Ethylene oxide is a colorless gas at 25 °C and is a mobile liquid at 0 °C – viscosity of liquid ethylene oxide at 0 °C is about 5.5 times lower than that of water. The gas has a characteristic sweet odor of ether, noticeable when its concentration in air exceeds 500 ppm. Ethylene oxide is readily soluble in water, ethanol, diethyl ether and many organic solvents. Ethylene oxide, also called oxirane, is the organic compound with the formula C2H4O. It is a cyclic ether. This means that it is composed of two alkyl groups attached to an oxygen atom in a cyclic shape (circular). This colorless flammable gas with a faintly sweet odor is the simplest epoxide, a three-membered ring consisting of two carbon and one oxygen atom. Because of its special molecular structure, ethylene oxide easily participates in the addition reaction, opening its cycle, and thus easily polymerizes. Ethylene oxide is isomeric with acetaldehyde.

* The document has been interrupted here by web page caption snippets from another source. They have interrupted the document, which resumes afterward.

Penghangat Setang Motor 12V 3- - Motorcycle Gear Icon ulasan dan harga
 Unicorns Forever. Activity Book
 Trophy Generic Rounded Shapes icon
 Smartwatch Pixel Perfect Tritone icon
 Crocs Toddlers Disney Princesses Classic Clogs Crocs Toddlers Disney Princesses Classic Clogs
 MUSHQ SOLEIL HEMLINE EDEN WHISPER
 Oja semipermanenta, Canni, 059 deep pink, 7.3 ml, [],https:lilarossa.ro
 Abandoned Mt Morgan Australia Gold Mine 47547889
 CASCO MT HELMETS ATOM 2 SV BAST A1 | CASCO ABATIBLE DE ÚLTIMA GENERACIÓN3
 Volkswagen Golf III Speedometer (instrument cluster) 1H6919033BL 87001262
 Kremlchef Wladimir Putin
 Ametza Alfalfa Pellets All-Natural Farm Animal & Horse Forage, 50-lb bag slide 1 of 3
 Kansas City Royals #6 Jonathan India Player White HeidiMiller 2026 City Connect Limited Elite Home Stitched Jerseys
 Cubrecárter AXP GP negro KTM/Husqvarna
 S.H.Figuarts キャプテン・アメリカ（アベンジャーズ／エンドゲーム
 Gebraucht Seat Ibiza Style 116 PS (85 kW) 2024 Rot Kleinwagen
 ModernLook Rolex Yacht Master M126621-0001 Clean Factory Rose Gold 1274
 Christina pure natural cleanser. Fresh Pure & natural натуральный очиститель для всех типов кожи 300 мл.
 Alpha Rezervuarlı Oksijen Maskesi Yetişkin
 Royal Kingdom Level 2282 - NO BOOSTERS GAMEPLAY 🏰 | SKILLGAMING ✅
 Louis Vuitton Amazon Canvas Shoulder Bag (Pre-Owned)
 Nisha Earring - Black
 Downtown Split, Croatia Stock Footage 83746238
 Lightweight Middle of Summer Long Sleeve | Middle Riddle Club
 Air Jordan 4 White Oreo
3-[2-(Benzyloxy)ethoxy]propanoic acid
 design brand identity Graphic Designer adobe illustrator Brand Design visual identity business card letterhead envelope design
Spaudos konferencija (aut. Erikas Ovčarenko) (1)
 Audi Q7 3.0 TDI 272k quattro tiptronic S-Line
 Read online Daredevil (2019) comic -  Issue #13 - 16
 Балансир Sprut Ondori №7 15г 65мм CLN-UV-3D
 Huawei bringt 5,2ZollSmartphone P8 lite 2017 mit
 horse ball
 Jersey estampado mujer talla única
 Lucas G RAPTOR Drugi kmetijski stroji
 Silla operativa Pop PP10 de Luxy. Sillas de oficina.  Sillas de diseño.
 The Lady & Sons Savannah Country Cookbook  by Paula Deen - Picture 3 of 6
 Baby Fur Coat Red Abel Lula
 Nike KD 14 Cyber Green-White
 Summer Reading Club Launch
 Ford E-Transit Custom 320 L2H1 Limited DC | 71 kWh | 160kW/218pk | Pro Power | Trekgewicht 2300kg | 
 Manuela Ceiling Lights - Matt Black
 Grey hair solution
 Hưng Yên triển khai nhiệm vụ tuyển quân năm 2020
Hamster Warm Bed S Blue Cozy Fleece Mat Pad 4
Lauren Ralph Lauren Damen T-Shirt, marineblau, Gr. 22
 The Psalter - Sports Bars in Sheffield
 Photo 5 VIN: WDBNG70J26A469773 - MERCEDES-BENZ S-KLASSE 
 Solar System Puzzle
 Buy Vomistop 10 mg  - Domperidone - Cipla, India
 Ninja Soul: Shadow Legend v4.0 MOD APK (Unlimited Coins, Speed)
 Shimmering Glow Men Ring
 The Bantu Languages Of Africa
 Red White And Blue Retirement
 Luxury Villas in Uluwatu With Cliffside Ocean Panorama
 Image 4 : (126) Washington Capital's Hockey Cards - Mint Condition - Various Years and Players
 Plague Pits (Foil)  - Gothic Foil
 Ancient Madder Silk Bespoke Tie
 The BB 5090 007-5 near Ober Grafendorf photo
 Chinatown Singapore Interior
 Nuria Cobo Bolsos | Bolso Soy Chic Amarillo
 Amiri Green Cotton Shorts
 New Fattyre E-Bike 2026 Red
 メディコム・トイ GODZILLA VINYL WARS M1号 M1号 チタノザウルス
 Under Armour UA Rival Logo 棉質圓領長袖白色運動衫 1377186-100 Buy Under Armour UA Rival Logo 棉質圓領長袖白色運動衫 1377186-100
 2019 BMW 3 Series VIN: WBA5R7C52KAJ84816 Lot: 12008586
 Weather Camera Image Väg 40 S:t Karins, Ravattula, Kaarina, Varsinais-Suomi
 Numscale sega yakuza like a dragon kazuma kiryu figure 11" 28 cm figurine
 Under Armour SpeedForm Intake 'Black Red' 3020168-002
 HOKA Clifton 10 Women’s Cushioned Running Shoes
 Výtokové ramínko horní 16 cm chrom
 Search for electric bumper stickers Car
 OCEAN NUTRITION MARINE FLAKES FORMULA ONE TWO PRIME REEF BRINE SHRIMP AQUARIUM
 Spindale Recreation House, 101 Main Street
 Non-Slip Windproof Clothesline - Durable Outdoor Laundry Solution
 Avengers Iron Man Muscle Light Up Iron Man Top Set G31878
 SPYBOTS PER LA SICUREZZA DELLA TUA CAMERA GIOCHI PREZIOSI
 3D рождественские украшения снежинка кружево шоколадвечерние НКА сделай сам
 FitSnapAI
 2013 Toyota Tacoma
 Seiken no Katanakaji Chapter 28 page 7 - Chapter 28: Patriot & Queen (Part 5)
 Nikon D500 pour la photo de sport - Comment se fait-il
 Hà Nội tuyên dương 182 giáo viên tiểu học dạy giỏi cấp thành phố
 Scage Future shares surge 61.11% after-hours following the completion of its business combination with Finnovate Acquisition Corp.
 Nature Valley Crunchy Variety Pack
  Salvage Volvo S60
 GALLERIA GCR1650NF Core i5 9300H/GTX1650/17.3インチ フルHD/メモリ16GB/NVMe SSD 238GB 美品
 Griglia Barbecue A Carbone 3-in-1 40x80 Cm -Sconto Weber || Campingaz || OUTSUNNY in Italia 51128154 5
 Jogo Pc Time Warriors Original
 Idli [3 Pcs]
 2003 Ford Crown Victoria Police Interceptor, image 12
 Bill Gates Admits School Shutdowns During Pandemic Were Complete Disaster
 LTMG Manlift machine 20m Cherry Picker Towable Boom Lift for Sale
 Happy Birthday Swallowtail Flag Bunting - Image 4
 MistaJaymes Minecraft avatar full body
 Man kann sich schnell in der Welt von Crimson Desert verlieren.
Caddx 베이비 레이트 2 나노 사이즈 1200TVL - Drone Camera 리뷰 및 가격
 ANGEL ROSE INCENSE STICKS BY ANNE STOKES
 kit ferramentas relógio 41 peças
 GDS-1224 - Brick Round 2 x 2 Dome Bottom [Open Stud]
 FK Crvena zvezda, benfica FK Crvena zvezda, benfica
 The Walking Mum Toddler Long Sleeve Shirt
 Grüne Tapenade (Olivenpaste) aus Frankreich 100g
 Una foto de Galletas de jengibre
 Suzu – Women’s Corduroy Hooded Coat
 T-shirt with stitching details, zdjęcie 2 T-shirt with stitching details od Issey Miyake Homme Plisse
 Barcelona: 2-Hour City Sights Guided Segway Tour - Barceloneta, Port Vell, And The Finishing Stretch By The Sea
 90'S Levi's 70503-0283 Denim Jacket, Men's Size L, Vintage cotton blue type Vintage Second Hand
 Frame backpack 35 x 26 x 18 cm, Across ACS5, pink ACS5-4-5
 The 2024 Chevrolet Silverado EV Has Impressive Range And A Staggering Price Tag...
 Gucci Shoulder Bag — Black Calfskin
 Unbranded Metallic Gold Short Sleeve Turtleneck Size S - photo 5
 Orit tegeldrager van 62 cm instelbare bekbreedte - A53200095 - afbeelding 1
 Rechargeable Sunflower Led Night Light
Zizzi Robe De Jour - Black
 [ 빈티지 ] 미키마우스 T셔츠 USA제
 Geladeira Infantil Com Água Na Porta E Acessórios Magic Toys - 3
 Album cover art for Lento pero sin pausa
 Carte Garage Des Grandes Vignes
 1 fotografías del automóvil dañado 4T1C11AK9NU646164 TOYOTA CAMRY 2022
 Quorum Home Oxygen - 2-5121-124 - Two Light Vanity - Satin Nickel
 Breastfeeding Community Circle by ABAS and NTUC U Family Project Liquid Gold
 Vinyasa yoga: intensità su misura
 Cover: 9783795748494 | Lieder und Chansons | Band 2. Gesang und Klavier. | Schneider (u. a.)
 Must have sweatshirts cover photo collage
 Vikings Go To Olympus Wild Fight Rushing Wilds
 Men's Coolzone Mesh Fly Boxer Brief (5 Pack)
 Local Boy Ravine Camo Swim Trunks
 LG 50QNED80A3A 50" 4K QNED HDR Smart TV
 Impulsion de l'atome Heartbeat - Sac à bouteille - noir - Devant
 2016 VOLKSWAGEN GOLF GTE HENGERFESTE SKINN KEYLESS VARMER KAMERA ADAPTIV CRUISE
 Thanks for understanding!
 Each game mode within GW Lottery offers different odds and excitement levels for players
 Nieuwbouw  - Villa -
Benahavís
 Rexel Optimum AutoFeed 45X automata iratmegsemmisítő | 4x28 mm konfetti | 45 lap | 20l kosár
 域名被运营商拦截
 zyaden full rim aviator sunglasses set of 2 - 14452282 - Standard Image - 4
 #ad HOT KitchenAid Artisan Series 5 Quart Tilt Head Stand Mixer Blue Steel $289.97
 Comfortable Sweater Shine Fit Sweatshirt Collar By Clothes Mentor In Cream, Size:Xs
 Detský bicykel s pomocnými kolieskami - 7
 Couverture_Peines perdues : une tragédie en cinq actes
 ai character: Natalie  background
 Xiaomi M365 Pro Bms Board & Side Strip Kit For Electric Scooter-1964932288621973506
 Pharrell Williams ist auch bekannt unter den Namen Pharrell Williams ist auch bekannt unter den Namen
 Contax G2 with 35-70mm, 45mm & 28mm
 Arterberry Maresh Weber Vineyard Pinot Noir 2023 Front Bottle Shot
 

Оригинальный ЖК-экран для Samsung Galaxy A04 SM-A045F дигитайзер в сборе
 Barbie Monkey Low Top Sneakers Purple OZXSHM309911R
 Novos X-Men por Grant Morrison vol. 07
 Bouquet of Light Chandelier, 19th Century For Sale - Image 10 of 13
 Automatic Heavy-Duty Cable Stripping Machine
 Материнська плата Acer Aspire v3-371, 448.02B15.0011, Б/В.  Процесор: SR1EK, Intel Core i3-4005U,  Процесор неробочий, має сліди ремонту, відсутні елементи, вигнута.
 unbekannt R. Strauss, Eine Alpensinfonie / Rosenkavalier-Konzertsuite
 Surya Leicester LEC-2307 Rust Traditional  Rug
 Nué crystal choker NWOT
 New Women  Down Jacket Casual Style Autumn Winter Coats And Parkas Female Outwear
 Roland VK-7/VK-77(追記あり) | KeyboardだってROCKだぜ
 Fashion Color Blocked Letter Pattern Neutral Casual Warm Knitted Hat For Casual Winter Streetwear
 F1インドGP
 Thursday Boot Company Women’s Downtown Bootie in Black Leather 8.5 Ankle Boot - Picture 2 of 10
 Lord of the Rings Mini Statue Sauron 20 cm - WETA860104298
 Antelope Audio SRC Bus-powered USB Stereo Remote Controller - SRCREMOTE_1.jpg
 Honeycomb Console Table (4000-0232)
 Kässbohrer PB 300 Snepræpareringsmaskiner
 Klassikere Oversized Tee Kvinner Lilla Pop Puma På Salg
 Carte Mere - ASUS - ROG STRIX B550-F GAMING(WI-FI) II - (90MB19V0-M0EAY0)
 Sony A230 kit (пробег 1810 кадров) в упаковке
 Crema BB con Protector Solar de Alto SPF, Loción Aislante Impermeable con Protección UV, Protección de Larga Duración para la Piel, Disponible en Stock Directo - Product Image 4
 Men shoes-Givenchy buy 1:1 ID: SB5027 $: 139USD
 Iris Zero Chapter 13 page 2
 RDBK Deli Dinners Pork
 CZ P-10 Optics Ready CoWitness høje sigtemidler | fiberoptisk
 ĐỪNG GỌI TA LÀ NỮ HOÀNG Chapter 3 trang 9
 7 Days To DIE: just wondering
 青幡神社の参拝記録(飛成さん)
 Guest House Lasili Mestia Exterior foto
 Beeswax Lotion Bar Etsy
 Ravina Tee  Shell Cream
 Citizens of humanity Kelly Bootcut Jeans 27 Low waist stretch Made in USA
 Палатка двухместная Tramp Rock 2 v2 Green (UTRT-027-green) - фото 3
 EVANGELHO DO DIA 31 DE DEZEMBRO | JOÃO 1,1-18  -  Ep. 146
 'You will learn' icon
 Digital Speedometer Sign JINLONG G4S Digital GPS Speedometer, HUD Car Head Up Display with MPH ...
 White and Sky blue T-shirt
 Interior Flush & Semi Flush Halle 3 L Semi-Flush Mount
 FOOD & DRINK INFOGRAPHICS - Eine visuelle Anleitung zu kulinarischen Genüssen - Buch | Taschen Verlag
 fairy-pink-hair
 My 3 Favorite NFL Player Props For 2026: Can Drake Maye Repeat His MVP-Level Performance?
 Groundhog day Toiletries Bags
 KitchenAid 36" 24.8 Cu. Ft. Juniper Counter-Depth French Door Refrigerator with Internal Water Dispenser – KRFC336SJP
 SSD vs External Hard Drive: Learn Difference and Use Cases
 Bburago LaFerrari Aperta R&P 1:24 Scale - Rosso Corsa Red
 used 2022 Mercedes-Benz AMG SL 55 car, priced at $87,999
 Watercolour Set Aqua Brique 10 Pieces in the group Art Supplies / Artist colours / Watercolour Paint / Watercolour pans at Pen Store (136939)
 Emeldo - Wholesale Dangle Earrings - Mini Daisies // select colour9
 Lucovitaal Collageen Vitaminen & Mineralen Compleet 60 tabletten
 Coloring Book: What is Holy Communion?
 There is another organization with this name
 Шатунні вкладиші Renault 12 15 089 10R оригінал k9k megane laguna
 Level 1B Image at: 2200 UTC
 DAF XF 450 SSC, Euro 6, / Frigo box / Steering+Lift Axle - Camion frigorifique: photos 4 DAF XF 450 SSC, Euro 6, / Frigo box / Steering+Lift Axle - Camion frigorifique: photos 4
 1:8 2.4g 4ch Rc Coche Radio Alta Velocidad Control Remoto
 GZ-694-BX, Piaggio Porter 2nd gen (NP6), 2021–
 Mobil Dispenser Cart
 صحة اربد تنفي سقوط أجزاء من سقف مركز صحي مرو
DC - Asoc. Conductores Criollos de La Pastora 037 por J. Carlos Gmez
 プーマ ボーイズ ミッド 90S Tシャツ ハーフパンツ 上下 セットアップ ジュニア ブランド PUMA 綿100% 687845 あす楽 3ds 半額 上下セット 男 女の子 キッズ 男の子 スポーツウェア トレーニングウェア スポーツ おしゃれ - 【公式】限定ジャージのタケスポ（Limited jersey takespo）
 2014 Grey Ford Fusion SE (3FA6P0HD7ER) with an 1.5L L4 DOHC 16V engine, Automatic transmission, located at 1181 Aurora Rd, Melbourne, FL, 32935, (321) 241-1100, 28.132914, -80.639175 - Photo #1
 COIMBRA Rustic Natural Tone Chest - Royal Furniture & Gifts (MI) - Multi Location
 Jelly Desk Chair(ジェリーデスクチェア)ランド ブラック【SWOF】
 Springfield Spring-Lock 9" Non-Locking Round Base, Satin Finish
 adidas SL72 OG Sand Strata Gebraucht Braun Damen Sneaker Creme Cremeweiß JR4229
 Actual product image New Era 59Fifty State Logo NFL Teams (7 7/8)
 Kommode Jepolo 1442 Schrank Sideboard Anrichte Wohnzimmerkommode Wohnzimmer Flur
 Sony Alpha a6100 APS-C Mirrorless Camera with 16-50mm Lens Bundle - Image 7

Although it is a vital raw material with diverse applications, including the manufacture of products like polysorbate-20 and polyethylene glycol that are often more effective and less toxic than alternative materials, ethylene oxide itself is a very hazardous substance: at room temperature it is a flammable, carcinogenic, mutagenic, irritating, and anaesthetic gas with a misleadingly pleasant aroma.

Ethylene oxide was first reported in 1859 by the French chemist Charles-Adolphe Wurtz, who prepared it by treating 2-chloroethanol with potassium hydroxide: Cl–CH2CH2–OH + KOH → (CH2CH2)O + KCl + H2O. Wurtz measured the boiling point of ethylene oxide as 13.5 °C, slightly higher than the present value, and discovered the ability of ethylene oxide to react with acids and salts of metals.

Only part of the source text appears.